-- Opening Marker --

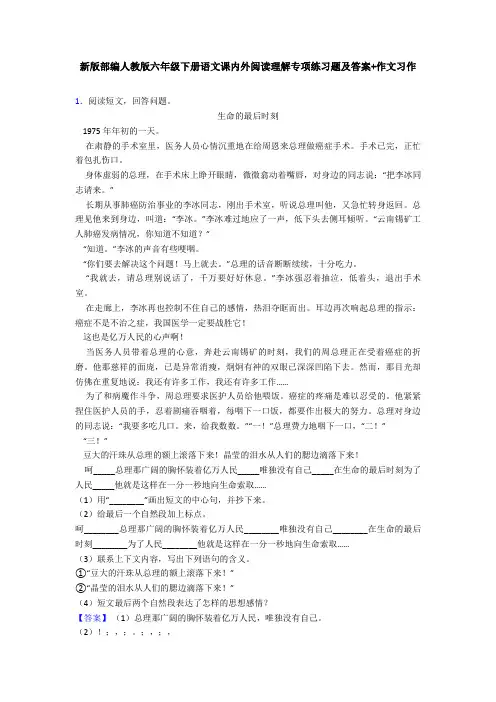 新版部编人教版六年级下册语文课内外阅读理解专项练习题及答案+作文习作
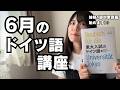 【ドイツ語講座情報】6月のグループ講座来てね!毎月受講生を募集しているよ!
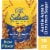 Rold Gold® Selects Auntie Anne's Cinnamon Sugar Flavored Pretzels Perspective: front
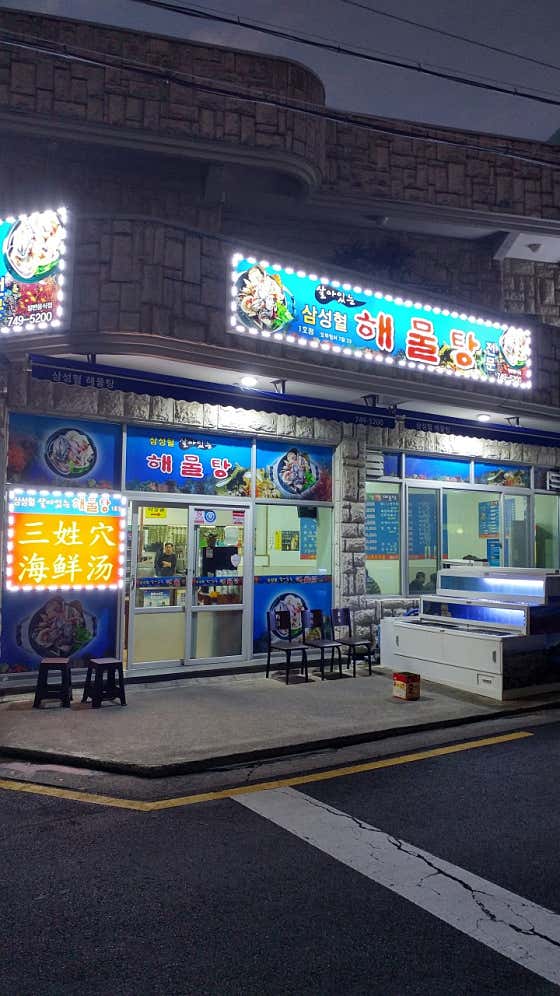 원조 삼성혈해물탕 1호점 · 네이버 지도·플레이스 2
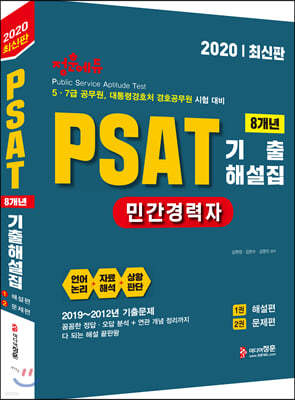 2020 ΰ PSAT ؼ(2019~2012)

-- Closing Marker --

Copy each line of the records precisely and drop any images they hold.

 新版部编人教版六年级下册语文课内外阅读理解专项练习题及答案+作文习作
 【ドイツ語講座情報】6月のグループ講座来てね!毎月受講生を募集しているよ!
 Rold Gold® Selects Auntie Anne's Cinnamon Sugar Flavored Pretzels Perspective: front
 원조 삼성혈해물탕 1호점 · 네이버 지도·플레이스 2
 2020 ΰ PSAT ؼ(2019~2012)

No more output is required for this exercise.